**WORK INSTRUCTIONS:** Go through the listing below and state how many of its lines include "Black". Write only that number.

**MATERIAL FOR THE TASK:**
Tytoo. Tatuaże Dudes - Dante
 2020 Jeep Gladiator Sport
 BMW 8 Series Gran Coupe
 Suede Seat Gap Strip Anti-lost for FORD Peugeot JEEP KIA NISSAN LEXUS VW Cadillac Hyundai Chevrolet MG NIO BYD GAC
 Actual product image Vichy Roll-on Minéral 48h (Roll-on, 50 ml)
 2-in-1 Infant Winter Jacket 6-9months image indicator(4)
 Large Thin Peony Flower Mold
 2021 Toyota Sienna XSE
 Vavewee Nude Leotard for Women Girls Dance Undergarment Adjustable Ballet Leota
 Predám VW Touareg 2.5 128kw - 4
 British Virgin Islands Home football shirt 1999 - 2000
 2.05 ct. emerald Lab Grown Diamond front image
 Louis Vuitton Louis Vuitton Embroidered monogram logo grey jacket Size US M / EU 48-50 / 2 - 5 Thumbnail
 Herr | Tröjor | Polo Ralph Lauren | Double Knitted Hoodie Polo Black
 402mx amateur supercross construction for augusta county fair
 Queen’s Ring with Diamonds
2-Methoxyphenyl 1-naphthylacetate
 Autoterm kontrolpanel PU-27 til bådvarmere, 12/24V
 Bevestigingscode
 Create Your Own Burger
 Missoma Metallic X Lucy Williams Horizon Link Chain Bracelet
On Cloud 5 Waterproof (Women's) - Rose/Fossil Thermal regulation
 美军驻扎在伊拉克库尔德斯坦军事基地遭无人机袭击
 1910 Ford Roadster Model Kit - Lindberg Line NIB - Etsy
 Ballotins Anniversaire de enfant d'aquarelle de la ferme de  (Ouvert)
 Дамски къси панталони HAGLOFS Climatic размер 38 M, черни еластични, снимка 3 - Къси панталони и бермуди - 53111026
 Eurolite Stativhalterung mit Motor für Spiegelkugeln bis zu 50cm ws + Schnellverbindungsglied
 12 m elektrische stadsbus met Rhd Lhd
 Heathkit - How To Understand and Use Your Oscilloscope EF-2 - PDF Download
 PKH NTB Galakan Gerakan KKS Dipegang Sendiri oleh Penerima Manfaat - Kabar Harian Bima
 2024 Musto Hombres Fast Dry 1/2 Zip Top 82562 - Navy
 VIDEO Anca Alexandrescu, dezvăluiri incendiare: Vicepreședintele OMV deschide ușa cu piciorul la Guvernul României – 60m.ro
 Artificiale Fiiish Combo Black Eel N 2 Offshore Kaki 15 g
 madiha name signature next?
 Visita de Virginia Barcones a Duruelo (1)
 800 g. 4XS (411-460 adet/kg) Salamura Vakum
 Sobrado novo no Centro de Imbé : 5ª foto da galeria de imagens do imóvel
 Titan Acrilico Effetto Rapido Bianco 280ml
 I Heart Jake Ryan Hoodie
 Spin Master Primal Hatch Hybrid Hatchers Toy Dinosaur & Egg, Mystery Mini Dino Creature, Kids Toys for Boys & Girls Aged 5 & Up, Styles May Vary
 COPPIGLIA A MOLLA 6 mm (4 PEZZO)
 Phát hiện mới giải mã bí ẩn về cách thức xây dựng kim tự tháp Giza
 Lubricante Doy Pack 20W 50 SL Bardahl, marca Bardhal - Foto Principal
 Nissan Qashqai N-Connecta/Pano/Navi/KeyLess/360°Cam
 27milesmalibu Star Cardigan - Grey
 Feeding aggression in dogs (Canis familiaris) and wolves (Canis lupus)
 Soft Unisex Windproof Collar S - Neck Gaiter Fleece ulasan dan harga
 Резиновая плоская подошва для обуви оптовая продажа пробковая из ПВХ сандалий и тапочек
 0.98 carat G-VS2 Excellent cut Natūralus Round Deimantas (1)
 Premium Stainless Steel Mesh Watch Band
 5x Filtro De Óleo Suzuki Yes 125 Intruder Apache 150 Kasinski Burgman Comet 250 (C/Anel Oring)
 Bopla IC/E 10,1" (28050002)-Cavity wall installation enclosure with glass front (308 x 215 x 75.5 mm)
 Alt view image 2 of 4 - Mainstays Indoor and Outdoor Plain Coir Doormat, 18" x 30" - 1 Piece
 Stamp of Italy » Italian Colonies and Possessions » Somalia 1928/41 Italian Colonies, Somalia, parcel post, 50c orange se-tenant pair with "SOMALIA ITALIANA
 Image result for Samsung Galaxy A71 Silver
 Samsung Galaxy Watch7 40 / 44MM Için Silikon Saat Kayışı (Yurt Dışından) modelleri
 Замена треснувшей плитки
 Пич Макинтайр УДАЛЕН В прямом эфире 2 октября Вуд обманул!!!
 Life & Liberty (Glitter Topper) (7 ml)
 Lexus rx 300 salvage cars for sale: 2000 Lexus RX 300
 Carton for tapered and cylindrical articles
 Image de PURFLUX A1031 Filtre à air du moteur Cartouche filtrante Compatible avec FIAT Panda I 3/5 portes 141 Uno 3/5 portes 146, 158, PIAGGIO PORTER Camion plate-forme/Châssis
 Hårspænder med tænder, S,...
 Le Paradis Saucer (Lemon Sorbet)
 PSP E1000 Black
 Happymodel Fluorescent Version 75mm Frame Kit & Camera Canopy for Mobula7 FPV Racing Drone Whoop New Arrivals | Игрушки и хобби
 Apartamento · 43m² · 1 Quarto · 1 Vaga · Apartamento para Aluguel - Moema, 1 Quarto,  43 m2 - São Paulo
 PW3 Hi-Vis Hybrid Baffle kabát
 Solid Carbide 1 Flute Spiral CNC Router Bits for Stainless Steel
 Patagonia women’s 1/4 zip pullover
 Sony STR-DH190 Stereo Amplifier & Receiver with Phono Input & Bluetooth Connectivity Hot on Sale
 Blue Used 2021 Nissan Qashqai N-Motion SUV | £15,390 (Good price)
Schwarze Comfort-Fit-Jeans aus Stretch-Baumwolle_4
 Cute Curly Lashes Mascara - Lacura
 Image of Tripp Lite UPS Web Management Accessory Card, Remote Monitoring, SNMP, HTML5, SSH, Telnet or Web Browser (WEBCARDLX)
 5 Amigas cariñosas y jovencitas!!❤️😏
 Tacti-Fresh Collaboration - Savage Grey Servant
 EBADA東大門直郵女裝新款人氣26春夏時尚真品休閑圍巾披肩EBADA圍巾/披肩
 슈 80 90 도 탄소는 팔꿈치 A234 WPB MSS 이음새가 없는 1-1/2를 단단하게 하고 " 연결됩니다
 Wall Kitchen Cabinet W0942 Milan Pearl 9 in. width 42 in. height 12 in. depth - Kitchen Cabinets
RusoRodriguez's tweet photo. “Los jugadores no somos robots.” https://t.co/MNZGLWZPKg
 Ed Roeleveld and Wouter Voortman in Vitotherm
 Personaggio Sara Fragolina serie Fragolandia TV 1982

**FINISHED TASK:** 3